Dondurucu bir ayaz var bugün. Çok arayıp zor bulduğum işimin kıymetini unutacak kadar öfkeliyim yataktan çıkmaya. İnsanoğluyuz, nankörüz. Elde ettik, değeri kalmadı.
Memur yağmuru var dışarda; 8 ile 9 arası yağandan, akşam da 6 ile 7 arası yağacak olandan. Şemsiye de evde kalmış, tüy dikmiş.

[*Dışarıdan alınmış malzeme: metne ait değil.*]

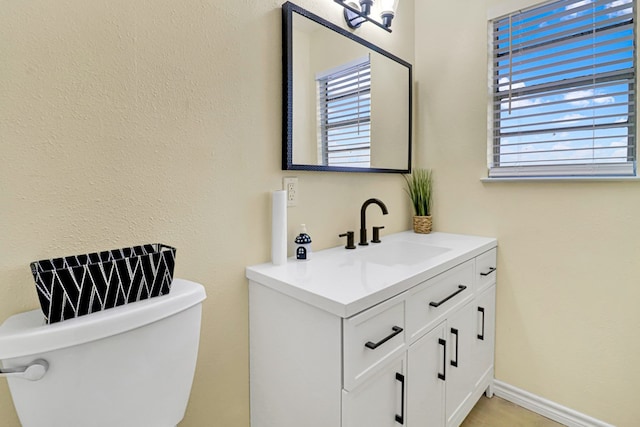 bathroom with toilet, baseboards, and vanity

Gün rutin, iş çok. Zaman akmış.
Evde inmeyeceğimi söyledim servisçi Mustafa Abi'ye: "Yol üzerindeki bir AVM'de ineceğim." Rutine devam; kulaklığı tak, düşüncelere dal. Bu sefer camdaki yağmur damlalarının birbirine karışması ana tema. Birleştikçe hızlanmaları filozofik boyut. Servisten indiğim anda, o buz gibi ve yağmurlu havada duyduğum koku ise beni silkeleyip kendime getiren şey. Güne yeni başlıyorum hissiyatının ve bu yazıyı yazmamın nedeni: KÖZDE PİŞEN KESTANE KOKUSU. Bu kokuyu içine çekerken ellerin cebinde biraz üşümüş olacaksın ama. Kafan içine kaçmış gibi yürümek de mümkün. Yağmur yerine kar yağsaydı, değmeyin onun tadına. Tadına derken kokusunun tadına. Bu öyle bir koku ki tüm duyuları birbirine karıştırabilecek cinsten bir koku. Hiçbir günün birbirinin aynısı olmadığını, hayatın ufak ayrıntılarda gizli olduğunu, rutini bu ayrıntıların kırdığını düşündüren koku.
Mutlu olmayı büyük şeylere bağlamak hayatı çok uzun sanmakla eşdeğer. Küçük şeylerle mutlu olabilmek ise hayatı gerçekten yaşamak.
Sadece kestane kokusu değil, meraklanmayın. Ocakta fokurdamaya başlayan pudingin kokusu da bununla yarışabilir.